St. Louis has no equivalent. Broadway travels North & South from our downtown out into the suburbs, but it doesn’t have major institutions. Extending West from downtown Olive/Lindell has many institutions and population density, but it doesn’t even reach the city limits.
For decades Cleveland’s Euclid corridor was served by bus, the No. 6. Like our #70 MetroBus route on Grand, their No. 6 was heavily used. Like our long-diuscuyssed North-South MetroLink, their original plan was for street-running light rail.
RTA originally conceived the project in the 1980s as the “Dual Hub” light-rail line, but found in the 1990s that a rail line would have cost $700 million to $800 million. Inspired by the rapid bus system in Curitiba, Brazil, RTA redesigned the Euclid Avenue project to achieve the speed and high-class feel of light rail at the lower cost of a bus line. (Euclid Corridor Health Line is a strong RX for Cleveland’s once and future Main Street)
From the same November 2008 article:
Critics complained about the two years of surgery on the avenue, which disrupted traffic and killed some small businesses. The work, however, was absolutely necessary; it replaced water and sewer lines that dated as far back as the turn of the 20th century.
Critics also called the Health Line a boondoggle, saying it will do little more than provide a marginal improvement over the former No. 6 bus line, which was already the city’s most successful and heavily used route. The new line will cover the distance between downtown and University Circle in 20 minutes, 10 minutes less than the old line.
It’s true that when measured purely in cost efficiency per rider, the project didn’t score high on tests required by the Federal Transit Administration as a condition for funding. But the project did meet those basic requirements. (Euclid Corridor Health Line is a strong RX for Cleveland’s once and future Main Street)

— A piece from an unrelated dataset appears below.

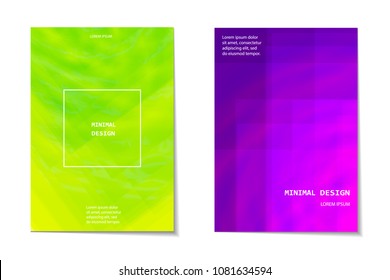 Trendy template set with futuristic modern neon shapes for poster, cover, card, broshure, banner.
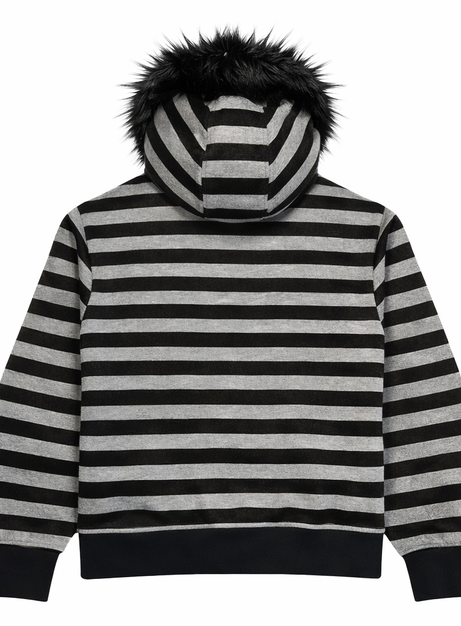 Midnight Stripes Faux Fur Hoodie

A year later, during the worst of the recession, there were positive signs:
Despite the challenging financial climate, the $197 million renovation of Euclid Avenue has become an economic development engine for the city. More than $3.3 billion worth of projects are in the works or recently finished along five miles of the vital artery.
To be sure, the progress has been slower than many would like. The number of projects would be far greater if not for an economic crisis that has stalled or killed developments across the country. And given a shortage of private lending, many of the high-profile projects along the corridor depend on institutions, tax credits and other incentives.
Nevertheless, builders are staring down the shaky real estate market and finishing town houses in University Circle. They’re completing apartments in former department stores downtown. And they’re pitching plans to make Midtown a biomedical and technology hub. (Cleveland’s Euclid corridor project has paved the way to economic development)
Going from the Megabus stop to our hotel we first spotted the Healthline, at E. 21st & Euclid Ave.
As I rode the Healthline I kept thinking much of the new development on hospital & university campuses would’ve happened anyway, but a good point was made in the 2009 article quoted above:
Without the corridor project, the university’s new buildings probably would have turned their backs to Euclid Avenue, creating a more insular campus. But the remade road has encouraged CSU to put its front doors on Euclid, to build on both sides of the street and to consider how the appearance of new university buildings fits with the avenue. (Cleveland’s Euclid corridor project has paved the way to economic development)
And therein lies a difference the BRT made versus a standard bus line — new buildings were built oriented toward the public street rather than internally.